Où il est question, entre autres, du 60e Festival de Locarno et de la 26e édition des “Giornate del Cinema Muto“.

Article mis en ligne le décembre 2007
dernière modification le 22 février 2012

par Raymond SCHOLER

60e festival de Locarno : Signore & Signore
Sous ce titre, Locarno honore les grandes actrices italiennes qui ont “contribué à l’élaboration de notre féminité publique et intime” (Piera Detassis, responsable), des stars dont les plus anciennes semblent déjà en voie de disparition de la mémoire, puisque le catalogue du festival confond sur photo Silvana Mangano avec Alida Valli. L’urgence de cette rétrospective n’est donc plus à démontrer. Il est vrai qu’Alida Valli ne suscite pas chez le spectateur une joie particulière à la retrouver de film en film, tant la seule émotion qu’elle arrive à exprimer semble être la souffrance, déjà spécialité des dive du muet. C’est dans les rôles où elle doit souffrir que la Valli excelle et dans l’excellent drame du Risorgimento, le trop rare Piccolo Mondo Antico (Mario Soldati, 1941), la coupe de la malheureuse est pleine : elle est persécutée par sa belle-tante (la formidable Ada Dondini en douairière volumineuse et moustachue, alliée de l’ordre et des Autrichiens, qui déshérite son neveu parce qu’il a choisi le camp des Piémontais), sa fillette se noie dans le Lago Maggiore et son mari part à la guerre.

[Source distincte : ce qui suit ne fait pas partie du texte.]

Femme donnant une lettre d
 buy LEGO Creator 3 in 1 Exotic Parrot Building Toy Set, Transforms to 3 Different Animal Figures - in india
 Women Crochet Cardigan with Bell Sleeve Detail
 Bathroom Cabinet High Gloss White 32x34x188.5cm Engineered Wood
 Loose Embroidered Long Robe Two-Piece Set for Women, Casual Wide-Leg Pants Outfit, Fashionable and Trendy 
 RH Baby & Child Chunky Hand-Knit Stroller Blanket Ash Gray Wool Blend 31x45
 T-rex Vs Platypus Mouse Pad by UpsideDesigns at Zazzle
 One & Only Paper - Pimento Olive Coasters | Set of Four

« Piccolo Mondo Antico » de Mario Soldati

La comédie à l’italienne
Une comédienne qui passe avec brio de la comédie au drame est Gina Lollobrigida : Pane Amore e Fantasia (Luigi Comencini, 1953) est non seulement le point culminant de sa carrière, mais peut-être aussi celui de la comédie italienne. Rarement grâce, légèreté et loufoquerie firent aussi bon ménage, malgré le rappel constant et amer de la grande pauvreté dans laquelle doivent se débattre les personnages de ce quadrille amoureux où s’entrecroisent une paysanne cherchant à susciter l’amour d’un jeune carabinier et le capitaine d’icelui, un très élégant Vittorio De Sica, à l’aube de la cinquantaine, en quête de l’âme-sœur. En comparaison, les comédies de Dino Risi peuvent devenir lassantes à cause de leur méchanceté drue et tartinée : dans Il Vedovo (1959), Alberto Sordi s’acharne vainement à trucider son épouse, multimillionnaire et capitaine d’industrie. Alors que Sordi en fait des tonnes comme à l’accoutumée, Franca Valeri reste souverainement imperturbable devant son mari qu’elle n’hésite pas à traiter de cretino en public. Dans La Nonna Sabella (1957), Tina Pica incarne une vieille tante autoritaire qui empêche depuis des lustres le mariage de sa sœur cadette avec Peppino De Filippo, autre grand gesticulateur devant l’éternel. Leur neveu, de retour de la capitale, subira un chantage analogue quant à son propre mariage. Les deux amoureux transis se liguent pour mettre fin au régime de la terreur. Toute légèreté est remplacée chez Risi par une mise à nu implacable des mécanismes, qu’il s’agisse de chantage, de vengeance ou de séduction. C’est ce qui donne à ses personnages un côté pantin, mécanique et froid.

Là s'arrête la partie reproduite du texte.